A lot of people think relationships fail because of one huge betrayal or incompatibility. But many relationships actually erode slowly through tiny repeated moments: defensiveness, contempt, emotional withdrawal, feeling unheard, unresolved resentment, emotional invalidation, etc.

One of the most useful communication tips I learned is catching the spiral EARLY. The moment conversations become defensive, cold, sarcastic, or emotionally flooded, your goal should stop being “winning.” Your goal becomes emotional repair. Even simple things like “same team,” “can we pause for 20 minutes and come back calmer,” or “I understand why you feel that way” genuinely change the trajectory of arguments.

Another thing that changed my perspective was learning how important emotional safety is. Assuming good intent prevents so many unnecessary fights. If your partner does something annoying, asking “if they loved me and weren’t trying to hurt me, what else could this mean?” honestly rewires the interaction.

A few books/resources genuinely changed how I think about relationships and communication. The Seven Principles for Making Marriage Work is probably the most evidence-based relationship book I’ve read and explains concepts like the “Four Horsemen” and emotional repair incredibly well. Hold Me Tight helped me understand attachment theory and why conflict often comes from fear/disconnection underneath.

The Power of Vulnerability completely changed how I think about emotional openness and intimacy. Huberman Lab also has amazing episodes on attachment, stress, emotional regulation, and relationship neuroscience.

Honestly, if you have enough budget, I’d also recommend doing 2–3 sessions with a relationship coach or therapist together with your partner, even if things are “fine.” A lot of couples wait until resentment gets really deep before getting help. Gottman-trained therapists especially have a great reputation because their framework is heavily research-based.
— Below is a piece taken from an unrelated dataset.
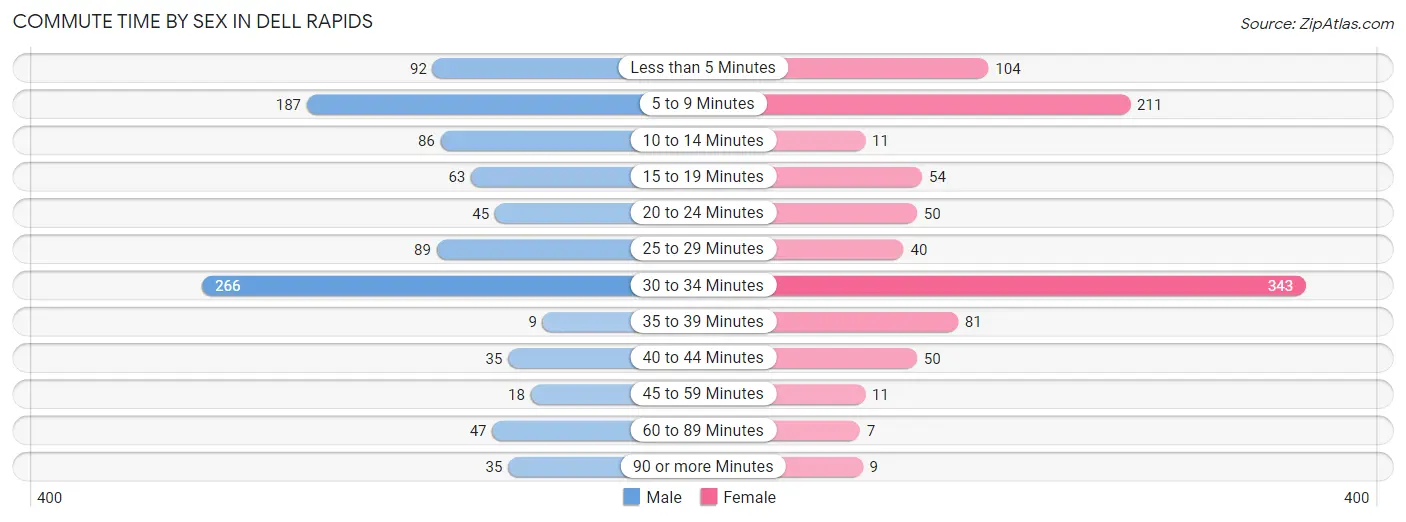 Commute Time by Sex in Dell Rapids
Therapy near me is usually around $200–300/session, but even a few sessions can genuinely improve communication a lot. Another tool I would recommend is BeFreed. It’s a personalized relationship intelligence learning app where you can input your unique situation, communication struggles, goals, etc, and it builds a focused learning plan for you from psychology books, expert interviews, podcasts, neuroscience, and therapy concepts. I used to constantly save relationship content but rarely finish or apply it consistently, so this felt much more actionable and structured for me. I also love that it’s audio-first because I’m busy with work and can learn while commuting, at the gym, walking, or doing chores. You can also customize the lesson depth/lens and even the voice settings.

The biggest relationship truth I learned is this: love alone is usually not enough long term. Communication, emotional regulation, empathy, repair skills, and psychological understanding matter just as much.

TL;DR: Love alone doesn't keep a relationship. You should also consider things like communication, emotional regulation, etc.

reddit.com
u/GrayBeard916 — 3 days ago

I tried those "book summary" apps. Blinkist, Shortform, and Befreed. You name it. Here's my unfiltered take on them.

I work in enterprise sales, late 30s, on flights and in client lobbies more often than I'm at my own desk. A big part of the job is being conversant across whatever industries my prospects operate in, manufacturing one month, healthcare the next, fintech after that. So last year I tested the major "learning through summaries" services to see which one held up over time.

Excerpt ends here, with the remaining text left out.